Domestic Violence Restraining Orders
What are Domestic Violence rexstraining Orders?
DOMESTIC VIOLENCE RESTRAINING ORDERS: The court is authorized to grant temporary domestic violence restraining orders without notice to the other person and without a hearing, based upon a written declaration by an alleged victim that satisfies a judge that it meets a standard of reasonable proof of “a past act or acts of abuse”. “Abuse” is broadly defined, including intentionally or recklessly causing or attempting to cause bodily injury, sexual assault, placing a person in reasonable apprehension of imminent serious bodily injury to that person or another, accessing, reading and publicly disclosing a spouse’s confidential emails, and other conduct that does not require an assault or causing a physical injury. The court may issue a temporary restraining order, without notice, “enjoining a party from molesting, attacking, striking, stalking, threatening, sexually assaulting, battering, credibly impersonating…, falsely impersonating…, harassing, telephoning, including but not limited to making annoying telephone calls, destroying personal property, contacting, either directly or indirectly, by mail or otherwise, coming within a specified distance of, or disturbing the peace of the other party, and, in the discretion of the court on a showing of good cause, of other named family or household members.” After a hearing the court may issue a long-term restraining order for up to five years in duration and may also order the restrained party to participate in a batterer’s program. The court can also make an order for the payment of attorney’s fees and costs incurred by the prevailing party.

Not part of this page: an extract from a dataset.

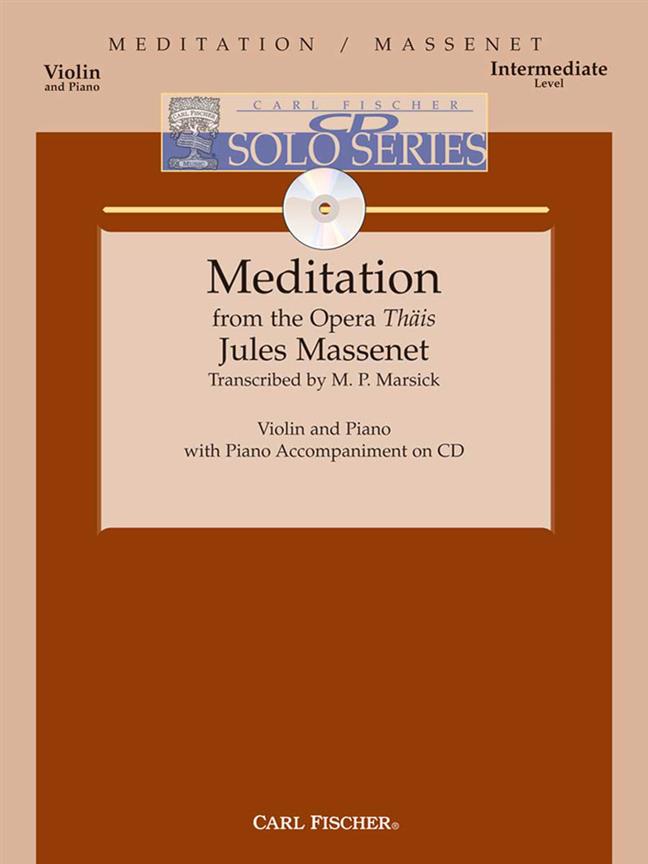 Meditation from the Opera Thais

Domestic violence can lead to criminal prosecution apart from restraining order issues in Family Court. Domestic violence restraining orders can include, among other things, exclusion from a residence, orders to stay away from the alleged victim, child custody and visitation orders, orders precluding the ownership, possession and purchase of firearms or ammunition, and control of property such as automobiles other restraints on conduct related to property. A domestic violence restraining order may seriously affect child custody and visitation orders as well as spousal support orders.

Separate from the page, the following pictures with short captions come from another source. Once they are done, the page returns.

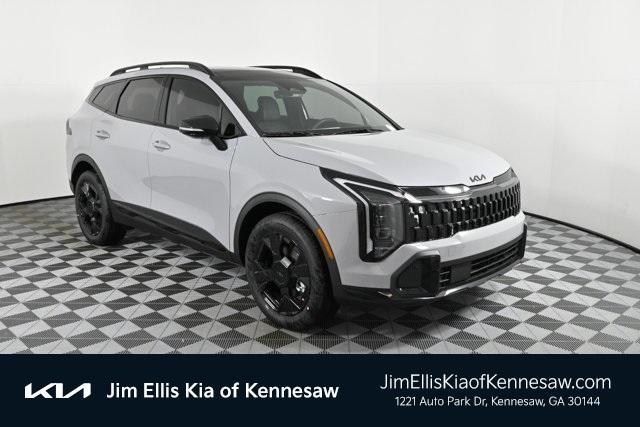 new 2026 Kia Sportage Hybrid car, priced at $37,995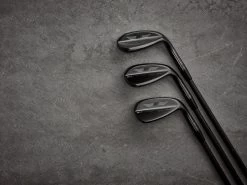 Titleist SM9 Jet Black Premium - True Temper Dynamic Gold Onyx S200 -Boetiekgolfwinkel 3453341658 4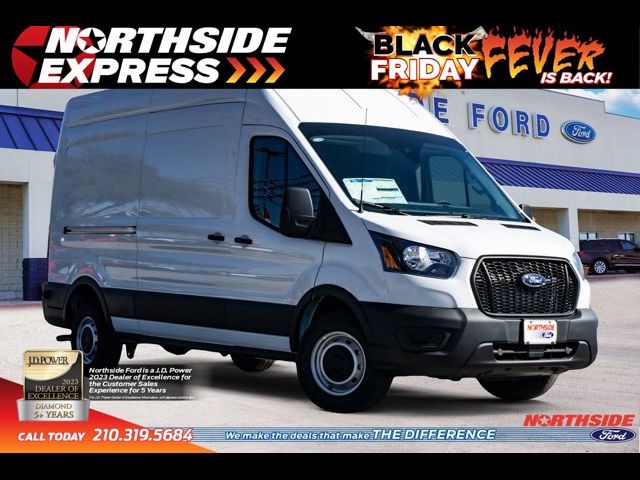 2024 Ford Transit Base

Domestic violence issues should be taken very seriously for many reasons including the need for protection by an abused spouse as well as serious consequences to an alleged perpetrator. Domestic violence issues can cause serious financial consequences for both parties. Domestic violence has serious consequences for the parties’ children. If the court finds that a party has perpetrated domestic violence within the past five years against the other party, the child, the child siblings, or against a current spouse, there is a rebuttable legal presumption that awarding sole or joint legal or physical custody to the perpetrator would be detrimental to the child.
When there are domestic violence issues raised in a divorce case, the parties’ legal expenses may be much higher and financial issues may be more difficult to resolve. At a minimum, victims and alleged perpetrators should consult an experienced family law attorney to understand their rights and all of the potential implications involved with domestic violence restraining orders. If there are criminal charges, an alleged perpetrator should consult a criminal attorney.